In 1985, Buford Broadcasting was acquired by the Joseph Family. WCGO-FM's call sign was changed to WLKQ-FM, using the moniker "Lake 102 FM." It began playing an oldies format, and with members of the Joseph Family serving in various roles, "Skipper Bob" was president and general sales manager, his wife Jackie as office manager, son Mark as general manager, and daughter Kathleen, known by her air name as "Kay Mackie."

During the 1990s, on-air personalities included Ron Lucas (Ron Lapann), a former tug boat captain, Rick Dennis, Mike Lindsey, Steve Nichols, Ron Ricks and Sue Ryder, who later became a traffic reporter for 750 WSB using the air name Robin Reese. In its final years as an oldies station, personalities included Huey Lewis (McKeller), Vic Andrews (Cuvo), "Captain" Craig Kelley, Randy Robins, Karl Phillips and Rick Bagley (Ryan Bagnal). Lake 102 covered the high school game of the week announced by Mark Blumen. Sideline reports were by Jeff Taves. The radio station sales department was led by Al Garner, once the manager of soul music icon James Brown. The radio station operated profitably for many years.
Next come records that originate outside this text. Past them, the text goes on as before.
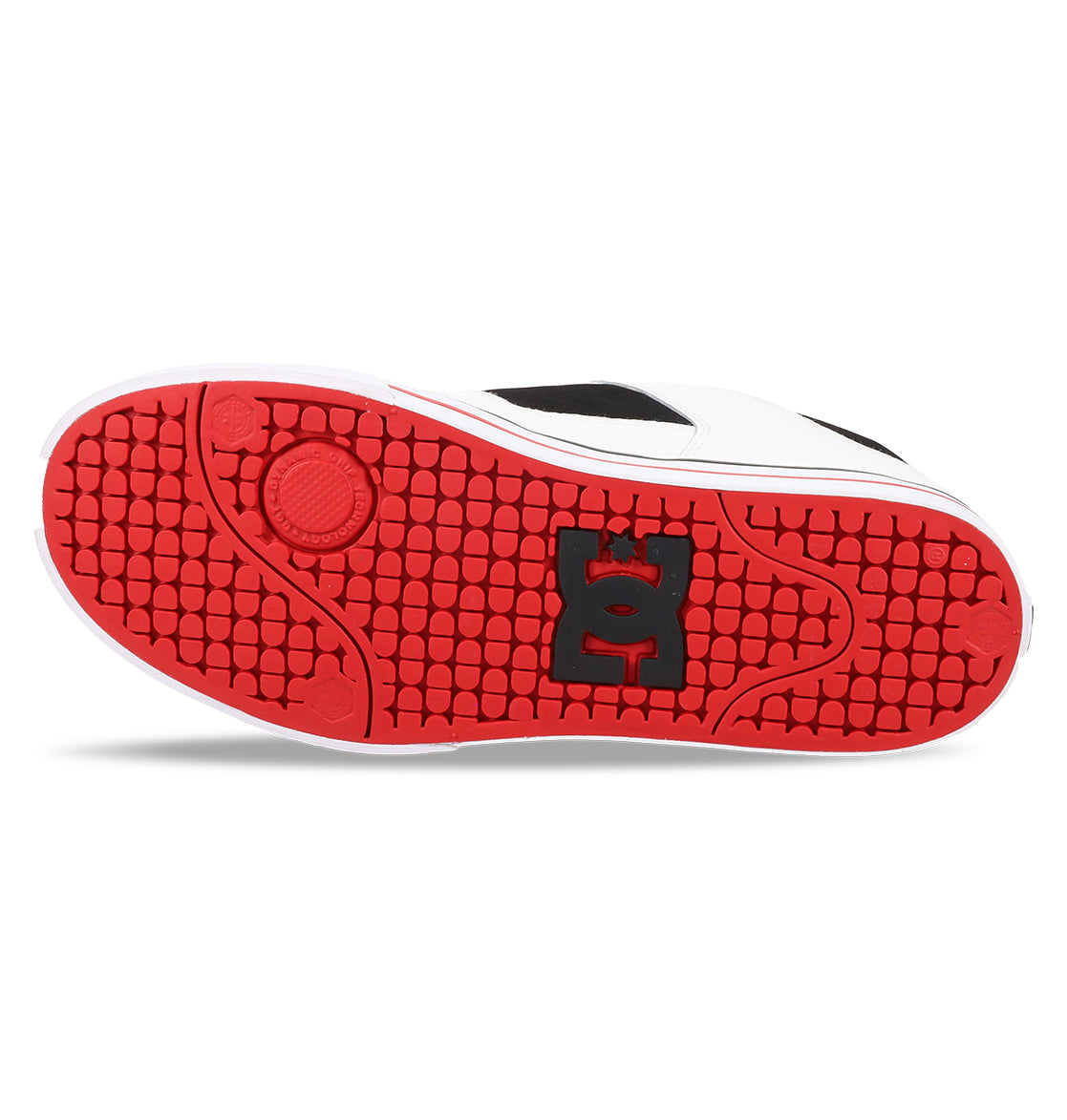 Pure Shoes - White/Black/Red White/Black/Red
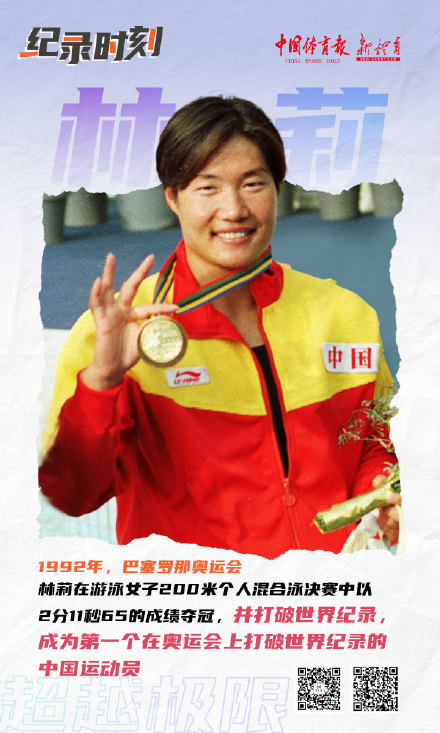 重温中国奥运纪录时刻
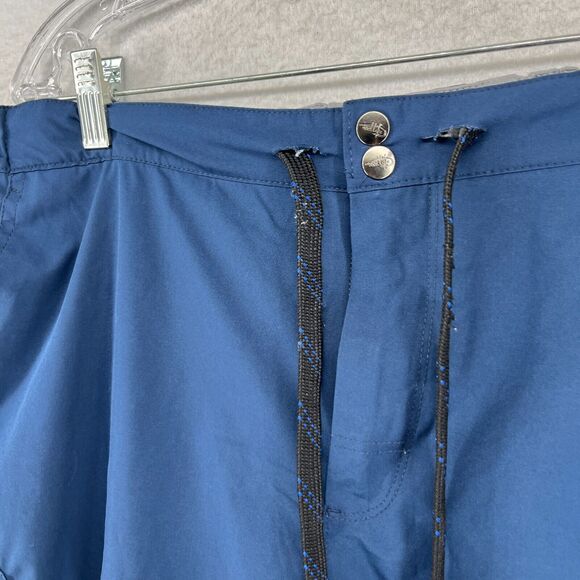 REEL LIFE Shorts Mens XL Swim Trunks Beach Boardshort Drawstring Mesh Lined Blue - Picture 3 of 14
Eventually the Joseph Family was offered a large price to sell the station, to be targeted to the expanding Spanish-speaking population within the coverage area of the station's former 6,000-watt signal. In 2003, Davis Broadcasting paid $5.25 million to acquire WLKQ-FM. The Oldies format ended in April 2004, as the station began broadcasting Regional Mexican music.

On September 24, 2018, WLKQ-FM began simulcasting on WTSH-FM (107.1) in Aragon, and rebranded as "La Raza 102.3/107.1". Previously, WNSY (100.1 FM) in Talking Rock, had been WLKQ-FM's simulcast partner. (That station now simulcasts the Smooth Jazz format of co-owned WWWE (1310 AM).)